March 20, 2013 0 Comments

Intellectual PropertyAhem, please pay attention because this is a BIG deal! The United States Supreme Court ruled yesterday that the First Sale Doctrine applies to copyrighted works manufactured and sold overseas. Kirtsaeng v. John Wiley & Sons, 11-697 (Mar. 19, 2013).

Brief refresher:

The First Sale Doctrine is a copyright law doctrine which allows purchasers of copyrighted works to resell those works at their pleasure without owing anything to the original work creator. Meaning, the creator was properly compensated for his work (e.g., a textbook) when that work was initially purchased; subsequently the original purchaser can sell to whomever he or she wants at whatever price she wants and does not owe the creator any additional royalty on the resale.

Background on Kirtsaeng:

Textbook publisher John Wiley & Sons sued Kirtsaeng for buying their textbooks abroad, where the books are sold by the publisher at cheaper prices, and the reselling those books for profit here in the United States. It was the plaintiff’s position that the First Sale Doctrine did not apply to works purchased abroad and resold in the US (this position was quasi-supported by the Supreme Court’s failure in the Costco v. Omega case to reach a decision on precisely this issue — the court was deadlocked at 4-4 with Justice Kagan recused). Now the Supreme Court has reached a final decision on the issue.

What this means:

This is a big win for consumers who will no longer be subject to publishers’ pricing control mechanisms (e.g., they sell cheap abroad but milk US consumers for every penny). Forbes notes that this is also “a win for museums, libraries and other institutional collectors of copyrighted works, who face less risk now when acquiring copyrighted works” abroad.

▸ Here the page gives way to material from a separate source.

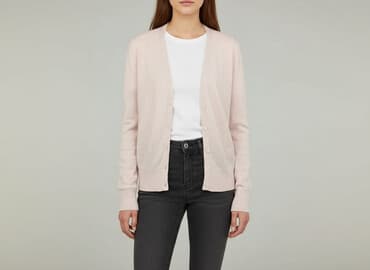 kamizelka damska krótka h m: H&M, Kardigan damski, rozmiar S — 7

As Forbes also noted, however, the First Sale doctrine is likely to be short-lived to the extent that (1) publishers will alter their products so that foreign and local versions will not be as easily interchangeable, and (2) there is no digital First Sale doctrine (digital works are licensed rather than purchased by consumers) so, in the end, an increase in digital publishing will make this major consumer victory short-lived.